* Scraped caption text data

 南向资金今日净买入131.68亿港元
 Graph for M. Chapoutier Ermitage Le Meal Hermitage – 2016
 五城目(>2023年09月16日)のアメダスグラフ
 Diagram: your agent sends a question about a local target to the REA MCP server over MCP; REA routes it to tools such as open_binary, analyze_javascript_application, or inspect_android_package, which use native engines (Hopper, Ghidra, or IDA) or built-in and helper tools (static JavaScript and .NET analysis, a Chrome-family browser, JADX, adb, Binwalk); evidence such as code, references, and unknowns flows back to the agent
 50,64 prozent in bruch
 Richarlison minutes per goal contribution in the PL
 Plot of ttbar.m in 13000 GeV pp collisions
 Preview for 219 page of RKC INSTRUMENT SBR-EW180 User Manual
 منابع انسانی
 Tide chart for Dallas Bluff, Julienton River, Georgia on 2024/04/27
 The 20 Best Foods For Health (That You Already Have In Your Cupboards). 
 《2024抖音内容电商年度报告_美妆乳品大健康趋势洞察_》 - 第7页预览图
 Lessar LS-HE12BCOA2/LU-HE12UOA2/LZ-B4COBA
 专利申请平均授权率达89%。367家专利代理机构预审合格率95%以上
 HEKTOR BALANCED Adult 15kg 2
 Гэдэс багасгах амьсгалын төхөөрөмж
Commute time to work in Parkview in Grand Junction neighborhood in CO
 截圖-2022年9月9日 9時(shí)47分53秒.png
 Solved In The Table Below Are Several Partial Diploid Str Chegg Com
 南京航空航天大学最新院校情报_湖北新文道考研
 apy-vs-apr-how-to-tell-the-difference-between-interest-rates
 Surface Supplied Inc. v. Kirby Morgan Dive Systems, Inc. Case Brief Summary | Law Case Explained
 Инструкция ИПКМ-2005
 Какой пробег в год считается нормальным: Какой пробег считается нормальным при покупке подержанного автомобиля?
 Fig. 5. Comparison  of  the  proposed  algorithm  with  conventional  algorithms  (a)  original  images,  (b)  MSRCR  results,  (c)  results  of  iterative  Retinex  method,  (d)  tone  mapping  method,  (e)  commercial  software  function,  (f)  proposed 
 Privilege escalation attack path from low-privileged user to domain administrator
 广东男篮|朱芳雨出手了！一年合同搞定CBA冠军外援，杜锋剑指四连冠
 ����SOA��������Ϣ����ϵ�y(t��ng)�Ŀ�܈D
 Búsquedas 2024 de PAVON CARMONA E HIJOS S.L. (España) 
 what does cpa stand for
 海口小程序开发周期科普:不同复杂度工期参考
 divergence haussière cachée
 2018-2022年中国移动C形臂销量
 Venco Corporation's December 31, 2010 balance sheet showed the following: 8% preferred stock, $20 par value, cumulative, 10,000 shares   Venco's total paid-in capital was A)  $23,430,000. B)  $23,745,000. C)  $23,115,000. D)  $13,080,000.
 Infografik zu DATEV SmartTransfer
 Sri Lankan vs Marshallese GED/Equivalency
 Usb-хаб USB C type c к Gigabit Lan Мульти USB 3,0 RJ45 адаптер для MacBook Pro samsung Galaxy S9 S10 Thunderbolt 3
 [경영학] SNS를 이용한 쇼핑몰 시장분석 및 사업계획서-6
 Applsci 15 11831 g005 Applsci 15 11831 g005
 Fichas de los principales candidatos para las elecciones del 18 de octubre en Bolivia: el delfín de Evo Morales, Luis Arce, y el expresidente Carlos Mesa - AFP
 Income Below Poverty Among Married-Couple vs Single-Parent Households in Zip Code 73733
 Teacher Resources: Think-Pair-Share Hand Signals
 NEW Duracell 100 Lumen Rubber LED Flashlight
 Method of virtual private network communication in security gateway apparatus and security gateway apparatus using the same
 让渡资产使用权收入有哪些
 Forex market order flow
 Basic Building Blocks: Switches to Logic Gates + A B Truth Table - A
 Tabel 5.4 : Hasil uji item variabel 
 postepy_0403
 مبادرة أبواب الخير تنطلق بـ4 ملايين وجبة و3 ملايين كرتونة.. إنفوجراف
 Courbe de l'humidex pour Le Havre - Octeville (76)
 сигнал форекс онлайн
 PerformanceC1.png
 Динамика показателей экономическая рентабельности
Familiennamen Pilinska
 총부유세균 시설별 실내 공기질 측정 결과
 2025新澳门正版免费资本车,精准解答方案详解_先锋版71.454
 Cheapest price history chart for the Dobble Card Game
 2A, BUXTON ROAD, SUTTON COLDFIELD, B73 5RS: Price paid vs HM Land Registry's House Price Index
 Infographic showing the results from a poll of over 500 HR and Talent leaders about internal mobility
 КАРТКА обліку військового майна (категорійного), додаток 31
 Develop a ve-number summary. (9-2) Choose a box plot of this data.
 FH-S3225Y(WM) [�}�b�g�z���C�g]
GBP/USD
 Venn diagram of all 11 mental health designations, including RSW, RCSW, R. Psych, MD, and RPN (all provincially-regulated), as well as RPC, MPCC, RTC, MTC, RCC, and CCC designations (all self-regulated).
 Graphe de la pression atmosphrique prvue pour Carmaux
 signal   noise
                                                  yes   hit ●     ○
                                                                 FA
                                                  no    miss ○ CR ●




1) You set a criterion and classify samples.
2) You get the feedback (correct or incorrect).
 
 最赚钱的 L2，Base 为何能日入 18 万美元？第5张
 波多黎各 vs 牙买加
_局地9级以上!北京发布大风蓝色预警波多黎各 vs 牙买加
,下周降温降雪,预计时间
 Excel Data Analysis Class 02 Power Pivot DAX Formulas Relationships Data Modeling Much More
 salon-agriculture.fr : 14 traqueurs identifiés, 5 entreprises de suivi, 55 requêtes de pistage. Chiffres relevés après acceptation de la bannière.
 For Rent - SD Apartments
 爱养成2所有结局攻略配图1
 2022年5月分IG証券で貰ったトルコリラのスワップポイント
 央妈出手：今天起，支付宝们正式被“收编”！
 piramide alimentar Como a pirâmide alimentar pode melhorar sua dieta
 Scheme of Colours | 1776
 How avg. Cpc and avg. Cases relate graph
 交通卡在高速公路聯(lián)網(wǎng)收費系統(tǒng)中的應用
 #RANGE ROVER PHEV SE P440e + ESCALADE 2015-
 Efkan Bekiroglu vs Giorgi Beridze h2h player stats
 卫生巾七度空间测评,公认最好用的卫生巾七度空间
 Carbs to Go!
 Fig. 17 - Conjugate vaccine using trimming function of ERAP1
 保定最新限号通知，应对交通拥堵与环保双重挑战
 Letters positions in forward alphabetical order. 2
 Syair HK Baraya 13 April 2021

* Task goal
Above are the records. Print exactly, and only, the lines from the line with "Develop a ve-number" to the line with "Venn diagram of", both inclusive.

* Solution to the problem
 Develop a ve-number summary. (9-2) Choose a box plot of this data.
 FH-S3225Y(WM) [�}�b�g�z���C�g]
GBP/USD
 Venn diagram of all 11 mental health designations, including RSW, RCSW, R. Psych, MD, and RPN (all provincially-regulated), as well as RPC, MPCC, RTC, MTC, RCC, and CCC designations (all self-regulated).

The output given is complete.